We live in a media culture that is supersaturated with violence. We’ve infused Christianity with fighting language to try to make things more interesting, because we’ve gotten so high on violence that the Kingdom of God seems, well, boring.
For this reason, we frequently use the war metaphor for Christianity. Spiritual warfare. The full armor of God. We love King David’s epic battles. The culture wars. Books like Every Man’s Battle, Wild at Heart, Battlefield of the Mind. My wife and I were skimming a devotional for couples that, for several days, read more like an exaltation of soldiers on D-day!
Because we believe the Myth of Redemptive Violence, when Christian authors tell us that Christianity is a battle, we believe them. We like battles. They’re exciting – and righteous – because they involve destroying our enemies. Healing the sick, helping those in need, and visiting those in prison all seem very humdrum compared to fighting every man’s battle against lust, and when it comes down to it, looking away from women who aren’t our wives seems very humdrum compared to fighting an actual battle.
Jesus and the War Metaphor
Jesus taught us to love our enemies. He did indeed say “I saw Satan falling like lightning from heaven,” but under what circumstances? The disciples had gone out and “fought the good fight of faith: they had followed Jesus’ instructions to “Heal the sick who are there and tell them, ‘The kingdom of God has come near to you,'” and even the demons were subject to the disciples in Jesus’ name.
The kingdom of God has come near to you.
Jesus was the only one who saw Satan falling like lightning. The disciples only saw healing and demons leaving. Which is exciting, but not exciting like war is. Which brings us to Christianity and violent movies. We can’t watch movies with sex scenes in them, because that’s sinful. But we watch movies with violence in them all the time, because we have bought into the Myth of Redemptive Violence and we believe that more deeply than we believe the words of Christ.
The Christian life is not a battle.

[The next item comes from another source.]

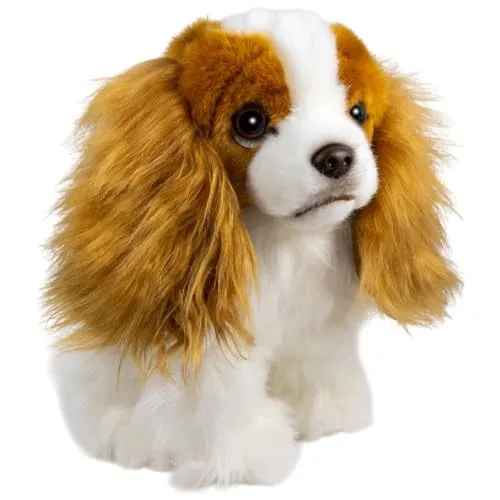 Carl Dick King Charles Spaniel Plüschtier 25cm – Kuscheltier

It’s just not. Battles are exciting and terrifying and such an incredible adrenaline rush that when marines come home, they get depressed because everyday life is so gosh-darn boring. Going forward and accepting Jesus can be an adrenaline rush, but it passes. Telling someone about Jesus can be exciting too, but it’s not a battle. The so-called battle happens while you’re deciding if it’s a good idea.
The war metaphor isn’t helping. It’s basically a bait-and-switch where we think we’re getting something that we find exciting, but it turns out to be very daily. So we feel like we’re spinning our tires if the Christian life isn’t exciting and full of adventure. Well, news flash: It often isn’t. But sometimes it is. But not like a war. More like a mustard seed. More like the kingdom coming.
Final note: Eric Ludy recently (2008 is recent, right?) published a book called, I kid you not, The Bravehearted Gospel: The Truth is Worth Fighting for.